## Work order
From the material below, return exactly the lines starting at the one that holds "May include: A silver" and ending at the one that holds "a kitchen with a sink and stove top oven". Pictures stay out of the answer.

## Supplied entries

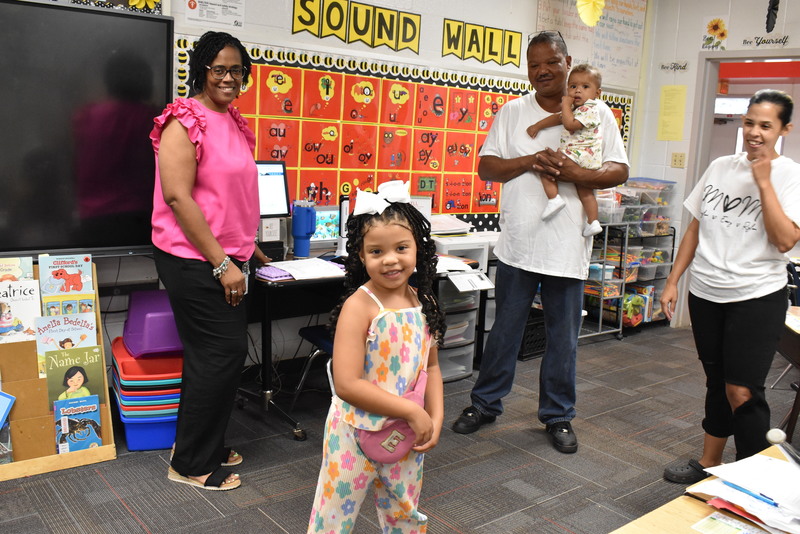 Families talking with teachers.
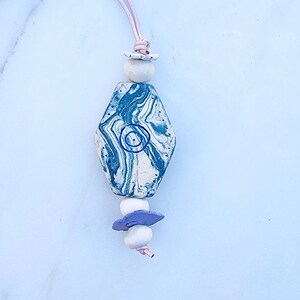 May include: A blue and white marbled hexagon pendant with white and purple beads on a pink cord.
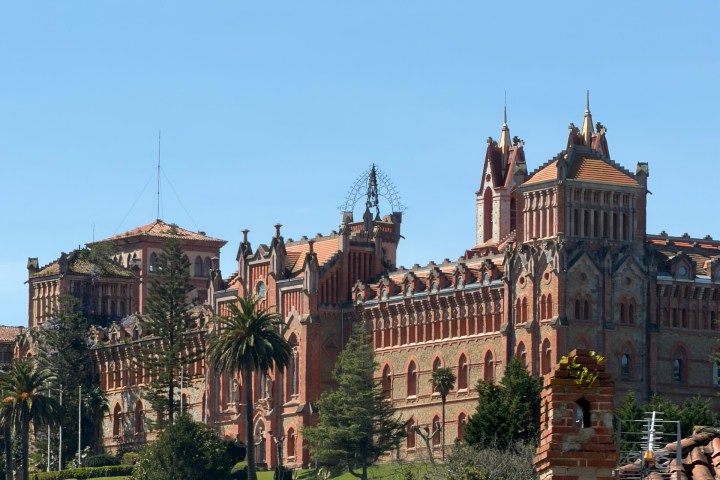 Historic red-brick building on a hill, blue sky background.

* * *

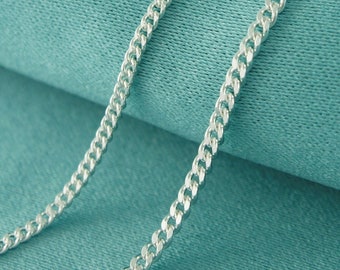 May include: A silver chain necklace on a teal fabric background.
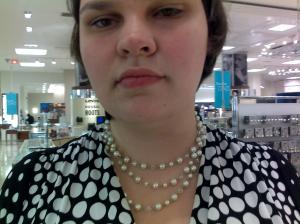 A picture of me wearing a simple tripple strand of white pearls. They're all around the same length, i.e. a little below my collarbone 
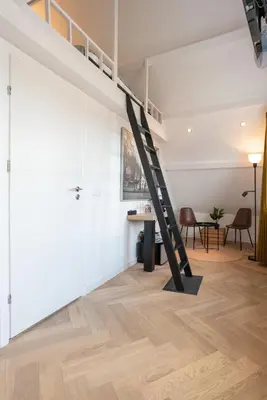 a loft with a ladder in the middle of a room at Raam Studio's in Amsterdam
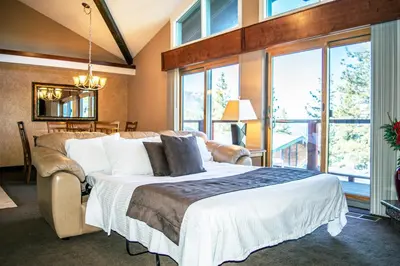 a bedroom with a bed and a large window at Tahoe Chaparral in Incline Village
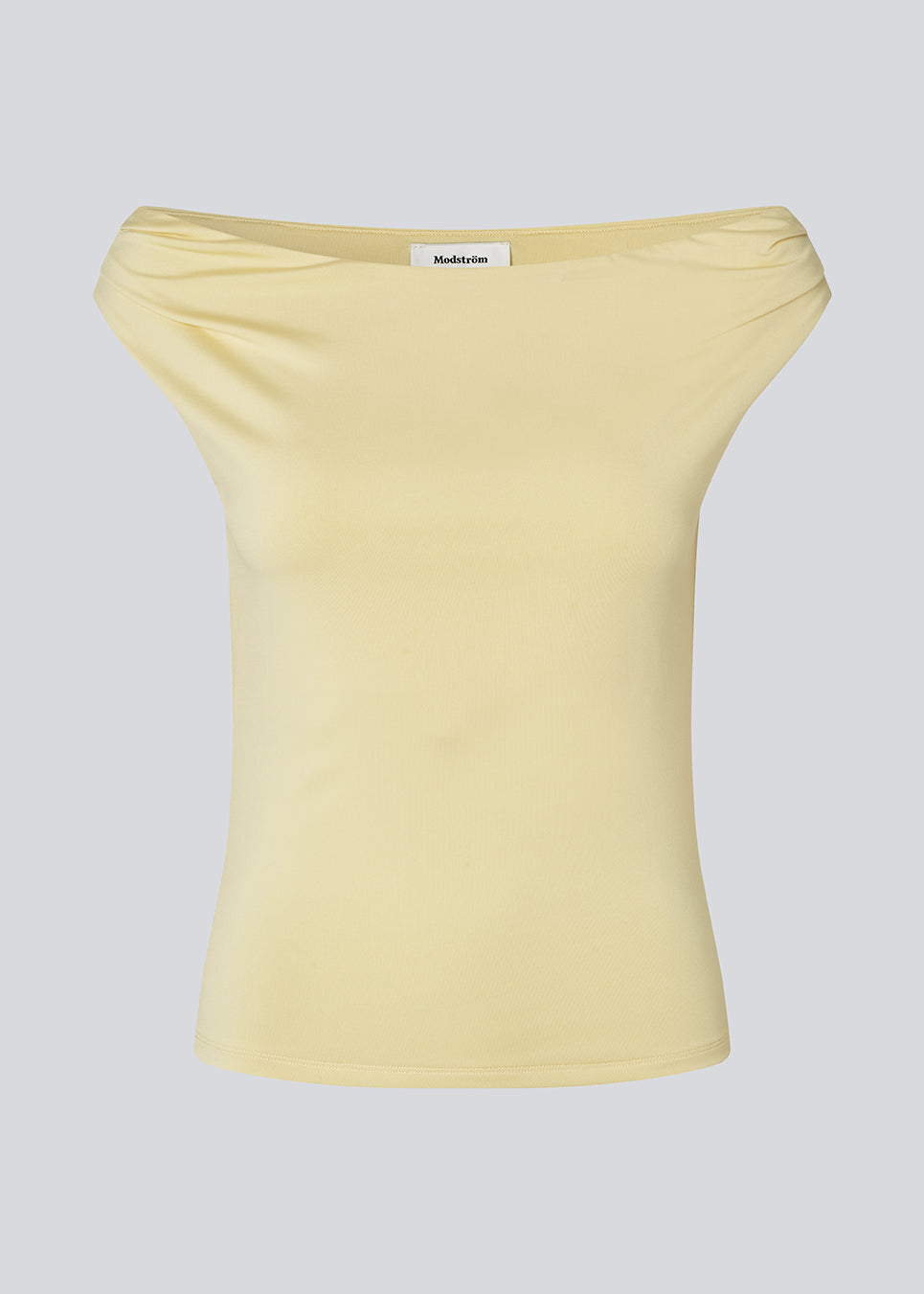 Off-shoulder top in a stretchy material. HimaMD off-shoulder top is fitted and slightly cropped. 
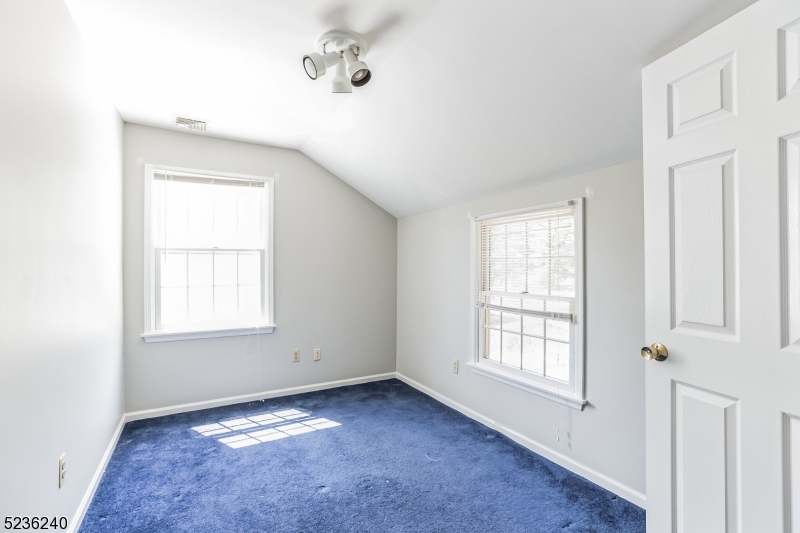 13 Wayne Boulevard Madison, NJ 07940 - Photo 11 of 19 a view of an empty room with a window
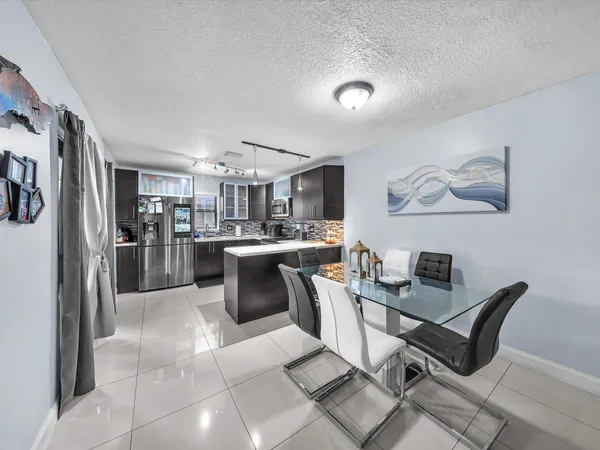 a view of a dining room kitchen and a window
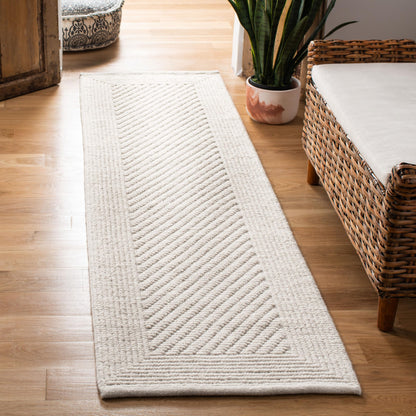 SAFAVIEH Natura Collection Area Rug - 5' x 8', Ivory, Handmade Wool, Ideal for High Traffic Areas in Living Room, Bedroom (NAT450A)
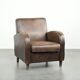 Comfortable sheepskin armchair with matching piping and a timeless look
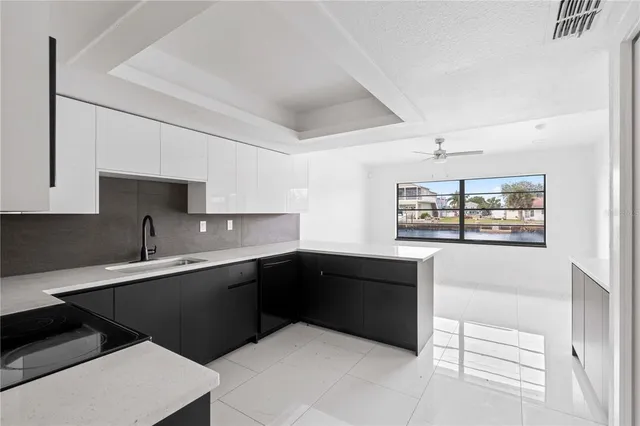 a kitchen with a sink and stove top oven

## Written solution
 May include: A silver chain necklace on a teal fabric background.
 A picture of me wearing a simple tripple strand of white pearls. They're all around the same length, i.e. a little below my collarbone 
 a loft with a ladder in the middle of a room at Raam Studio's in Amsterdam
 a bedroom with a bed and a large window at Tahoe Chaparral in Incline Village
 Off-shoulder top in a stretchy material. HimaMD off-shoulder top is fitted and slightly cropped. 
 13 Wayne Boulevard Madison, NJ 07940 - Photo 11 of 19 a view of an empty room with a window
 a view of a dining room kitchen and a window
 SAFAVIEH Natura Collection Area Rug - 5' x 8', Ivory, Handmade Wool, Ideal for High Traffic Areas in Living Room, Bedroom (NAT450A)
 Comfortable sheepskin armchair with matching piping and a timeless look
 a kitchen with a sink and stove top oven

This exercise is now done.